La mente hace extrañas relaciones pero suele ser buena idea prestar oído a su rumor. Uno de los libros de filosofía más provechosos que uno pueda leer (afirmación completamente gratuita pues habría que leerlos todos para hacerla) es el ensayo que Fernando Savater dedica al ¿filósofo? rumano Emil Cioran. Cioran es el apóstol de la nada: si esperar es de ilusos no cabe ni la desesperación. Es un suicida que no ejerce por coherencia. Un farsante, acaso —quienes lo trataron hablan de su cortesía y su sentido del humor—, pero un farsante inapelable. Se le puede afear el pesimismo, pero no la incongruencia. Si hubiera una elegancia del ocaso Cioran sería el último dandi.

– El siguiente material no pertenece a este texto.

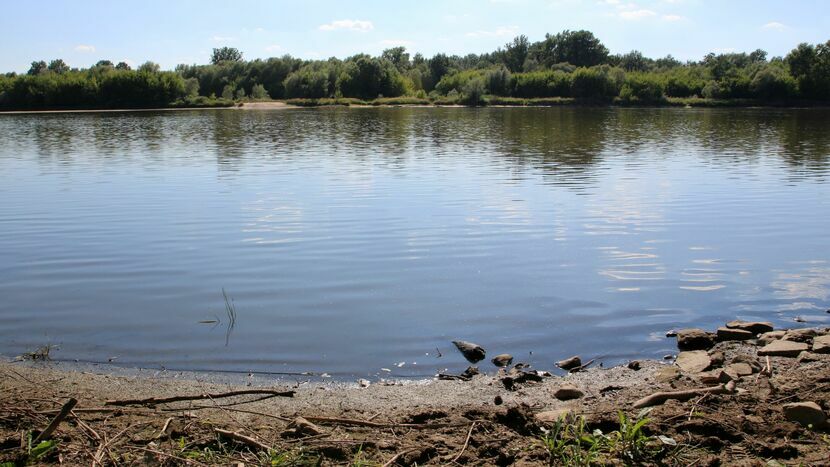 Wody w Wiśle jest coraz mniej. W Puławach jej poziom w tym tygodniu najpewniej spadnie poniżej 90 cm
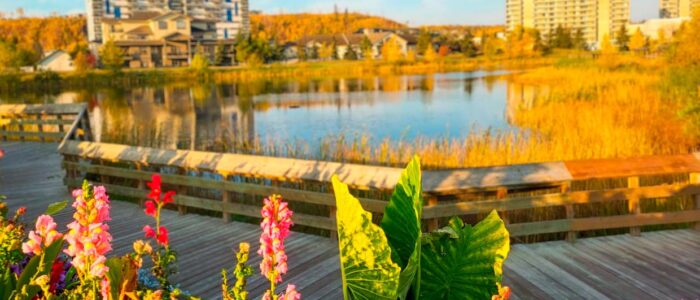 Fort McMurray Borealis Park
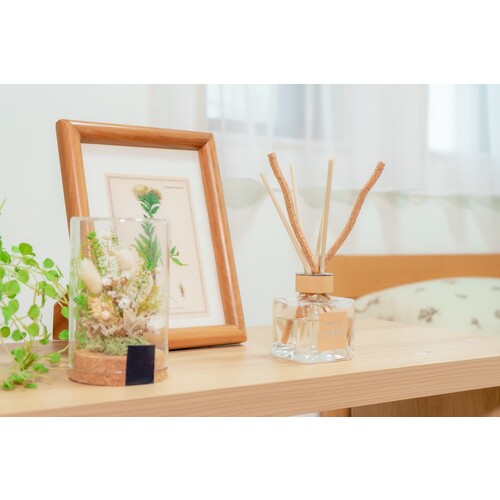アース製薬　アース　芳香剤　Ｓｕｋｋｉ−ｒｉ！ＣＯＲＫ＋ＳＴＩＣＫ−Ｐｕｒｉｔｕｒｅ−「木漏れ日の中で」　【20個】　【品番：590114】_5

No cabe, por tanto, una posición intelectual más alejada de la de Blanca López-Ibor, la autora de Vivir sin pensar. Sentimiento tóxico y bioética, un conciso tratado sobre los primeros y los últimos días de la vida que se convierte en escandaloso a base de una táctica revolucionaria: decir la verdad. Quizá sea ese el punto de encuentro con el libro de Savater: ambos presentan un parecido escalofrío alrededor de la lucidez. Del momento de la lucidez. Hace falta un largo viaje para constatar que la verdad estaba a la puerta de casa. El requisito del conocimiento es mondar la realidad de prejuicios, dogmas, convenciones e ideologías. Estar a la altura de la verdad exige aceptar el reto mayor porque la verdad está al otro lado del miedo. Vivir sin pensar

El momento de la lucidez es terrible porque nos quedamos completamente solos en medio del frío. Solos en medio de la noche. «Qué sola está cada persona», diría Proust. Mirar directamente a la verdad exige reconocer que no hay suelo, pero si se sobrevive (siempre se sobrevive) ya no hay nada que temer. Ya no hay por qué mentir; ya no se puede mentir. La verdad impone obligaciones de un solo sentido, y quien haya contemplado ya no puede callar.

Si no ocurre no era el momento, pero depende de nosotros crear el momento. Estamos en un vórtice salvaje, a punto de dejar de ser humanos. Su dolor nos tiende las manos con un alarido sordo. No hay tiempo. No podemos pagar el precio de vivir sin pensar.